I’ll go way more in depth on breast surgeries and their effects on breastfeeding in the future. For now, I’ll just leave you with a snippet of information. It’s hard to determine if your milk supply will be affected by your surgery. It depends on several factors. It is worth it to know as much information about how your procedure was performed (i.e. the incision location of your surgery, any muscle or tissue removal/replacement)

Key: if you’ve had a breast surgery and are concerned about low milk supply, rule out this factor before moving on to anything else. As stated, surgeries have the potential to impact supply but there is not a guarantee. There are several factors and each breast/person/surgery is different.

9. Alternative Feeds/Pacifiers

Occasionally I hear mother’s say that they are going to have their spouse give a bottle so they can catch up on sleep. This idea is great, in theory. Long term, it has the potential to lower your milk supply due to the fact that you’re not feeding the baby in a consistent manner. See number 1 above in regards to inconsistent feedings.

When it comes to pacifiers, I’m not saying don’t ever use them. During hospital consultations, I often discourage the use of them because the baby is usually showing hunger cues. The baby is not using you as a pacifier in the newborn stages. The baby is using the pacifier in replacement of feedings. When a newborn is actively sucking at the pacifier, they can occasionally suck themselves into an exhaustion or even into sleep.

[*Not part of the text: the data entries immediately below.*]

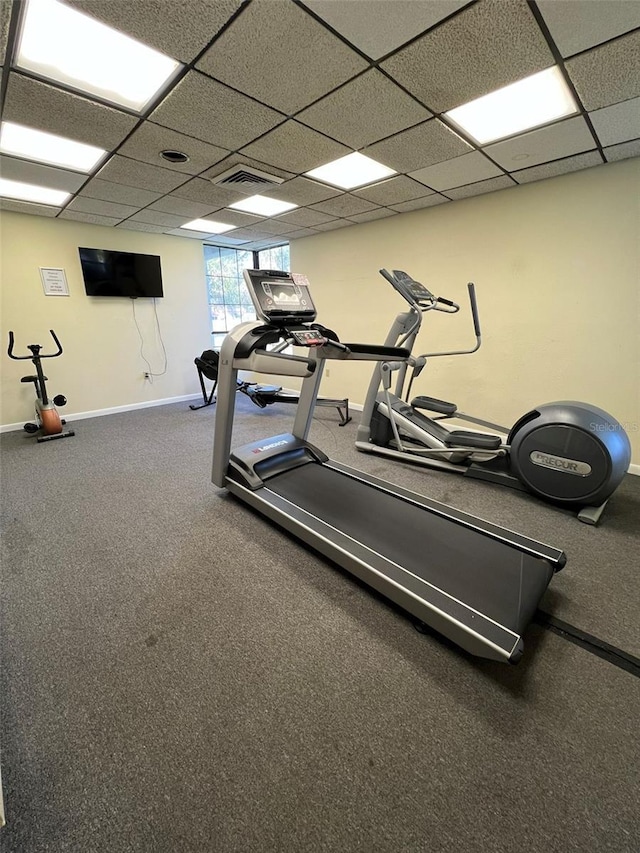 gym with a paneled ceiling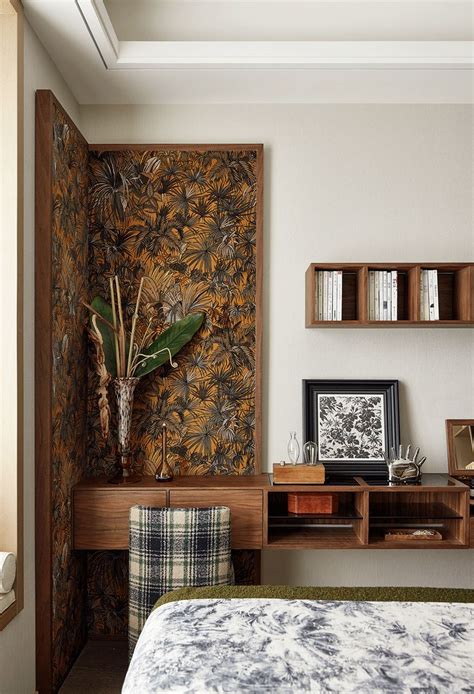 A Bed Room With A Neatly Made Bed Next To A Wall Mounted Shelf And Plant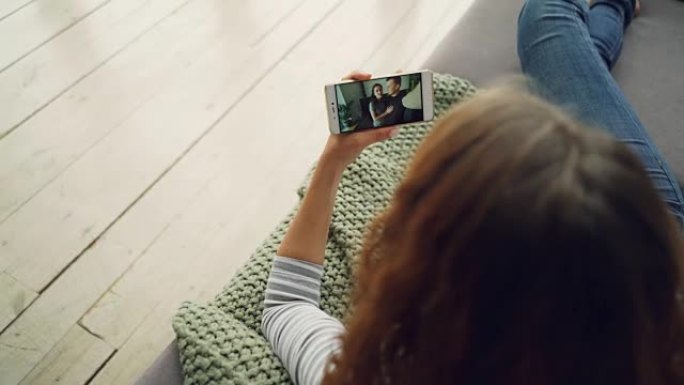 年轻的skyping女士和朋友的后视图美丽的夫妇，智能手机坐在家里的沙发上。现代技术、千禧一代和沟通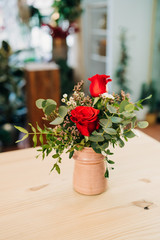 Red Roses bouquet in a pink vase on a wooden table. Florist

Key: if you feel the need to skip a feeding for a well deserved break, then do it. Just don’t make a habit of it without expecting a dip in your supply. Take a night (or two) off, then get back in the game. The same strategy goes for pacifier use. I know for a fact that it just gets to the point where you and your nipples need a break. Try your best to hold out on the pacifier use in the earlier weeks of breastfeeding, if possible.

10. Pump malfunctions

Sometimes it’s as simple as your pump malfunctioning. Double check the assembly and integrity of pump parts (especially the tubing and membranes). Other questions to ask yourself: is your pump new or used? Does your pump’s motor sound slower? Have you tried another pump?

Key: If you’re determining a decrease in supply while pumping, check your breast pump!